• _Information supplied_
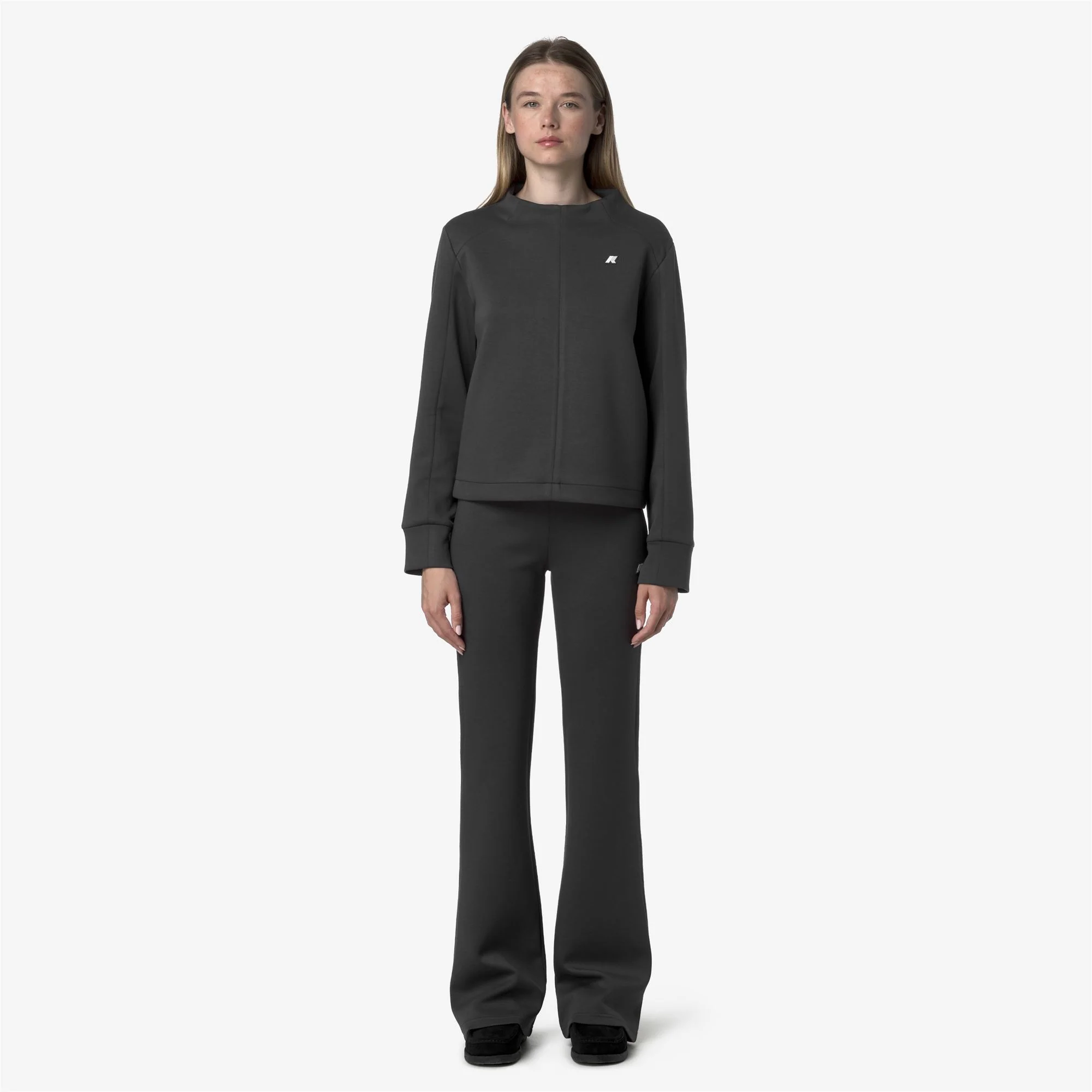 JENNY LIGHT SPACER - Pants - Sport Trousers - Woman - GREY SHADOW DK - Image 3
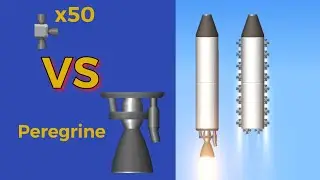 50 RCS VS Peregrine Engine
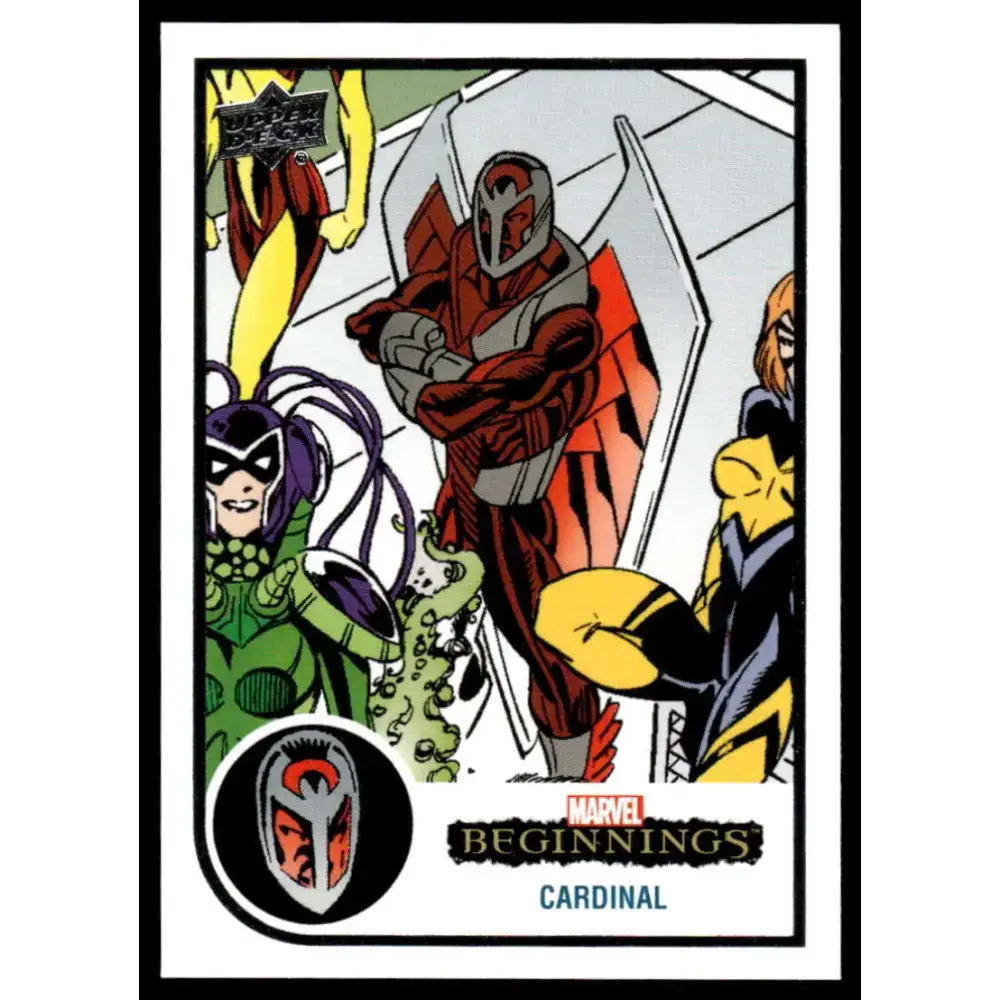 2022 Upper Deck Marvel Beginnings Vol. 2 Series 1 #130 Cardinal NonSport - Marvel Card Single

• _Work instructions_
Give back the material above exactly as it appears, minus the pictures.

• _Answer area_
 JENNY LIGHT SPACER - Pants - Sport Trousers - Woman - GREY SHADOW DK - Image 3
 50 RCS VS Peregrine Engine
 2022 Upper Deck Marvel Beginnings Vol. 2 Series 1 #130 Cardinal NonSport - Marvel Card Single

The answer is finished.